Reproduce each line, exactly, from the one containing "Image de Village" through the end of the material. Exclude pictures.

◆ DATA EXCERPT ◆
┄┄┄┄┄┄┄┄┄┄┄┄┄┄┄┄┄┄┄┄

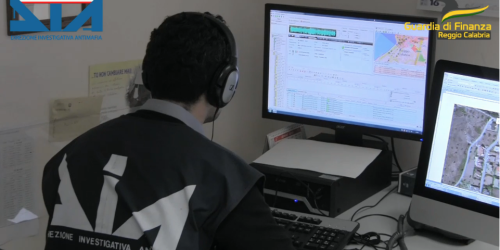 Il manager di Eurospin «nelle mani» della ‘ndrangheta e la consulenza da 100mila euro per aiutare i clan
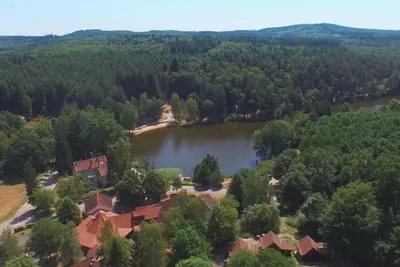 Image de Village de vacances Les Vosges, Bitche, appartement pour 4 personnes. -anc. Tui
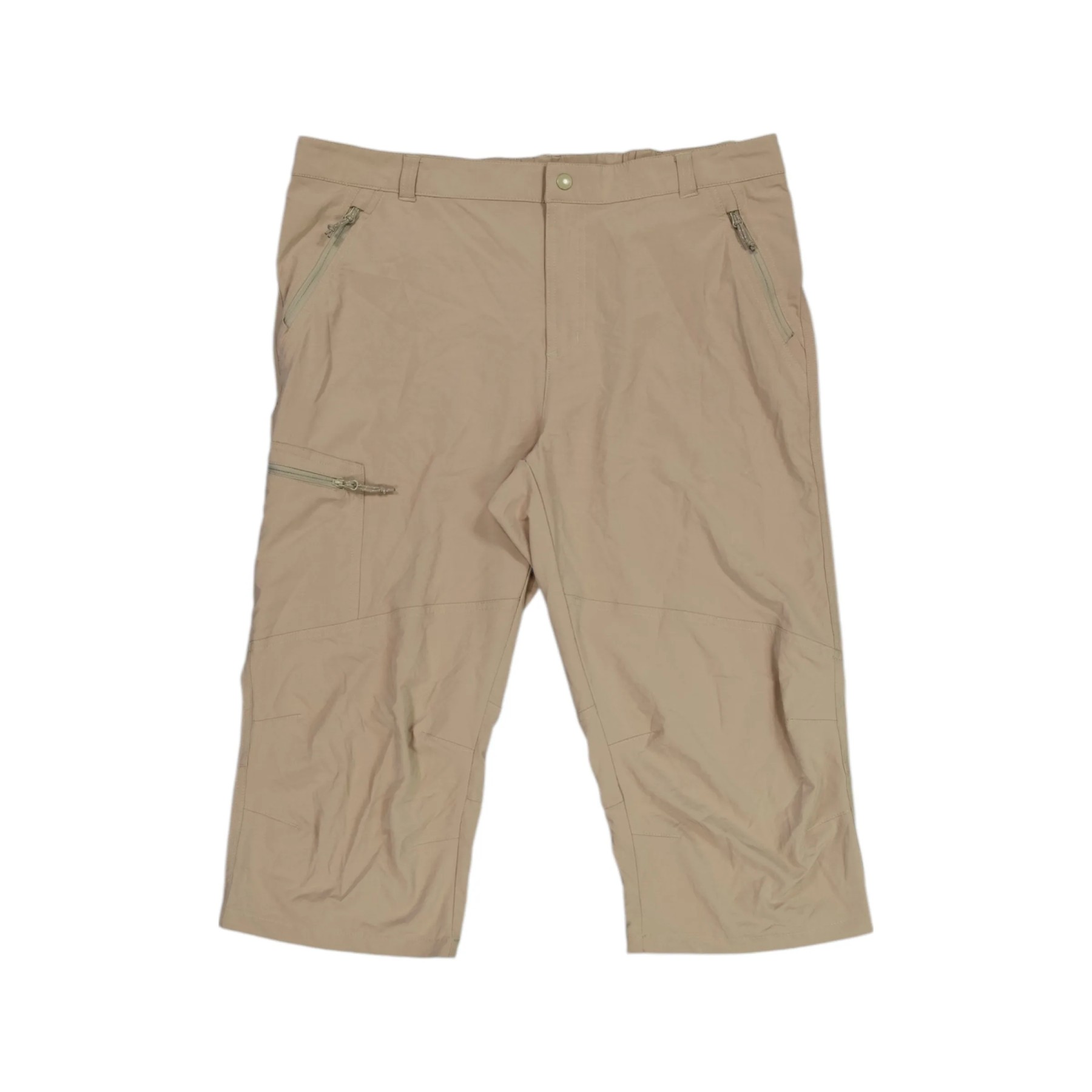 COLUMBIA - SHORTS & PANTACOURTS - 48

┄┄┄┄┄┄┄┄┄┄┄┄┄┄┄┄┄┄┄┄

◆ RESULT ◆
 Image de Village de vacances Les Vosges, Bitche, appartement pour 4 personnes. -anc. Tui
 COLUMBIA - SHORTS & PANTACOURTS - 48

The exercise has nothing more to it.